We have solved the challenge! The ctf-flag was csawctf{c20ad4d76fe97759aa27a0c99bff6710} and we were able to get it by simply entering a 12-character long input.

Conclusion

We were able to use Ghidra to analyse an executable binary provided as part of a CTF challenge. We saw that in the decompiled code view of Ghidra, the program asked the user for an input string and then received it using a scanf function into a local variable. It then used a for-loop to calculate the string length. After this, it checked if the length was equal to 12. If not, it would print out that it was incorrect. If it was of the correct length, it printed a message saying that it is correct. It then calculated an md5 hash using various functions. However, we saw that it was not making use of the input string nor its length for these functions. Based on this, we made an educated guess that the processing is not affected by what our input is and that it would print out the same message regardless, as long as the condition check succeeds. We tried to run the program again and give it a 12-character long input. When we did this, it gave us the ctf-flag which we submitted and solved the challenge.
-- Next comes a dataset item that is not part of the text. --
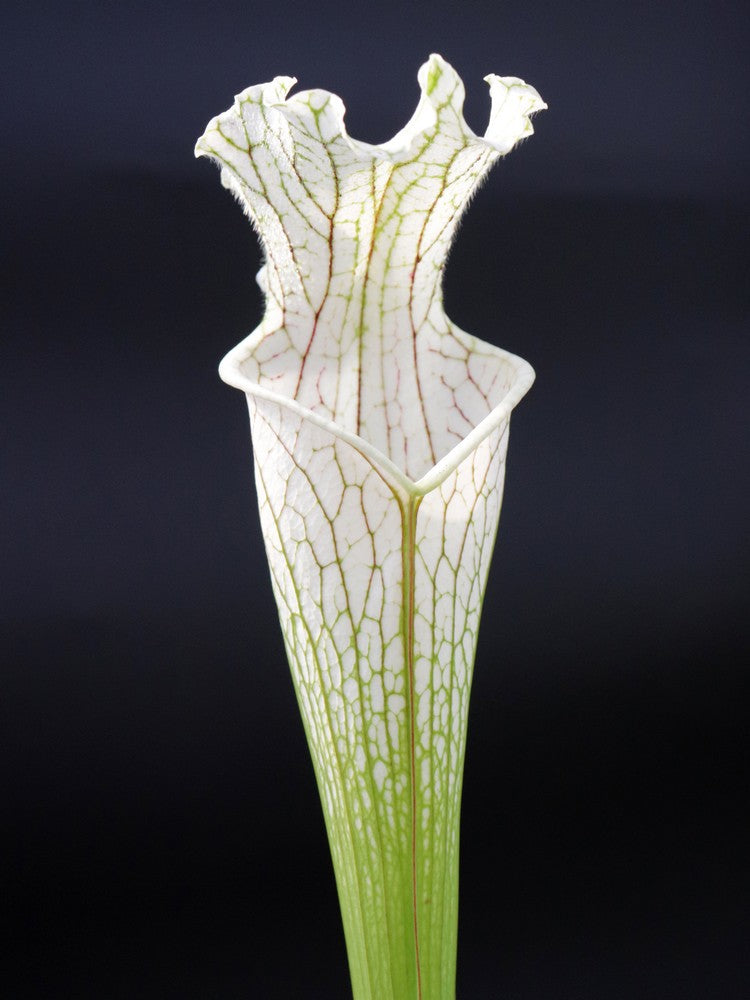 Sarracenia leucophylla L2 MK x L14 PW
Remember that Ghidra is only one tool among many that can be used for reverse engineering. Ghidra won’t be the best fit for every problem, but it is a good tool to know and make use of. While participating in CTF competitions, the challenges will require you to use a variety of tools and may even push you to use a new tool that you’ve never touched before. You don’t need to gain mastery over every tool that you pick up, instead you should be able to make use of the tool to the level that your current problem requires. In the end, the tools are only a means to accomplish a goal. Cybersecurity requires you to be adaptable and learn new things as you go.